#### SUPPLIED MATERIAL
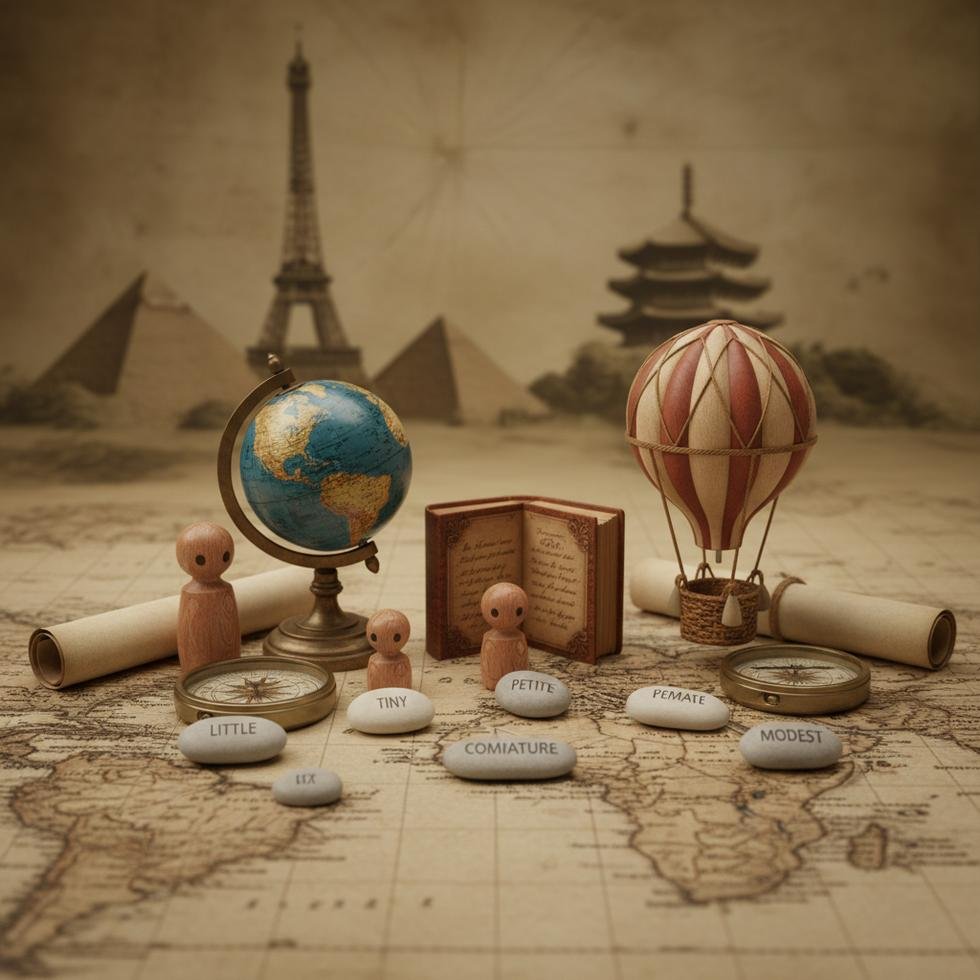 İngilizce small kelimesi yerine alternatif kelimeleri anlatan görsel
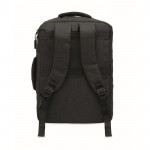 Mochila de RPET con efecto jaspeado y soporte para trolley 15'' color negro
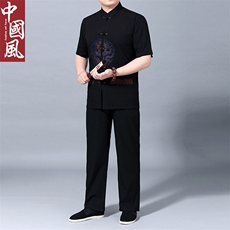 男士套装2023夏季新款中年爸爸短袖唐装男式衬衫风盘扣两件套，男装民族服装，电商B212（原钱塘6029）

#### TASK OBJECTIVE
Repeat each line of the material exactly, please, and skip every picture.

#### TASK OUTPUT
 İngilizce small kelimesi yerine alternatif kelimeleri anlatan görsel
 Mochila de RPET con efecto jaspeado y soporte para trolley 15'' color negro
 男士套装2023夏季新款中年爸爸短袖唐装男式衬衫风盘扣两件套，男装民族服装，电商B212（原钱塘6029）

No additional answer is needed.